Tarte des Alpes is a pastry found specifically in, and originating from the Southern Alps. It is filled with jam and covered with lattice patterns of pastry. Handmade by pastry chefs in the Hautes-Alpes and the Alpes-de-Haute-Provence, or industrially made by some manufacturers, it has the advantage of being able to be kept for months without losing its flavour.

== Origin and history ==

The Tarte des Alpes is a speciality of the Valgaudemar Valley in the Écrins National Park, where it is called "pie of the valley" or "country pie". An almost identical version can be found in the Champsaur or in the Queyras regions, where it is called "Queyras pie".

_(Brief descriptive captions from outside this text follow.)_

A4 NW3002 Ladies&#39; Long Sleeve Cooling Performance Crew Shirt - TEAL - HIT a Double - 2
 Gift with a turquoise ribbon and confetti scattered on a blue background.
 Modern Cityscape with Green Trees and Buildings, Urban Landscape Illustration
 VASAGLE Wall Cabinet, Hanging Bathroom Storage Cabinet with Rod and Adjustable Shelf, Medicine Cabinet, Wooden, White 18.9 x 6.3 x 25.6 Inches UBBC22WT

It was originally made in winter, using fruit jams from the summer. A creamy plum filling was used for the pie, with raspberry or blueberry jam added. Today this pie, with its decoration of strips of pastry, is one of the emblems of the regional gastronomy of the Southern Alps.

== Ingredients ==
Tarte des Alpes is made from a sweet shortcrust pastry and jam. Over time, the jams or jellies filling the pie have diversified and there are now many fruit flavours. The main ones are blueberry, raspberry, apricot, prune, strawberry, fig, lemoncurd, cherry, and forest fruits.

== Preparation ==
The pastry is made from flour, butter, caster sugar, eggs, salt and yeast. The choice of jam or jelly is a matter of taste; usually, a little pectin is added. Once the pastry has been rolled out, it is placed in a pie dish and filled with jam or fruit jelly. The strips of pastry for the covering are generally 3mm thick, 5mm wide and form a criss-cross pattern.

== Consumption and conservation ==
These pies can be eaten hot or cold; after meals; at breakfast; with coffee or afternoon tea. They can be kept for two or three months, all the while retaining their original flavour.